François Heersbrandt

Personal information
- Born: 12 December 1989 (age 36) Uccle, Belgium

Medal record
Men's swimming
Representing Belgium
European Championships (SC)
| Bronze medal – third place | 2011 Szczecin | 100 m butterfly |
| Bronze medal – third place | 2011 Szczecin | 4×50 m freestyle |
| Bronze medal – third place | 2013 Herning | 4x50 m freestyle |

= François Heersbrandt =

Belgian swimmer (born 1989)

François Heersbrandt (born 12 December 1989 in Uccle, Belgium) is a Belgian swimmer. He competed in the 100 m butterfly event at the 2012 Summer Olympics and was eliminated in the semi-finals despite setting a new Belgian record (52.22) in his qualifying heat. Heersbrandt competed in the same event at the 2008 Summer Olympics but was eliminated after the qualifying heats. At the 2016 Summer Olympics, he competed in the 50 m freestyle but did not progress beyond the first round.

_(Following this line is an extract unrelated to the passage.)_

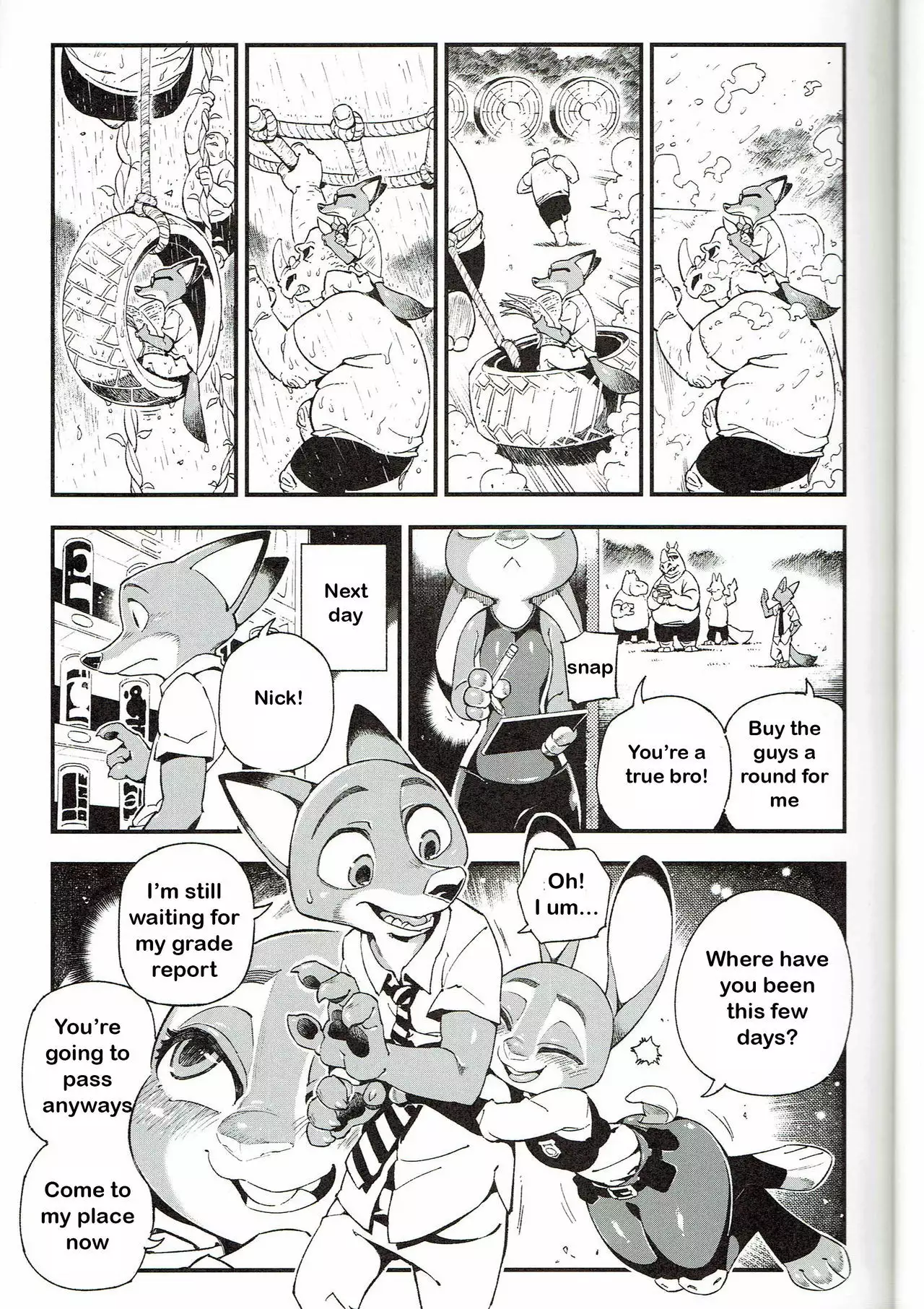 What Does The Fox Say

At the 2011 European Short Course Swimming Championships, he won a bronze medal in the 4x50m freestyle and set a new Belgian record with a time of 1.25,83. His partners for the relay were Jasper Aerents, Emmanuel Vanluchene and Louis Croenen. Heersbrandt also holds the Belgian record for the 50m butterfly (23.66) and in the 50m butterfly and 100m butterfly on short course.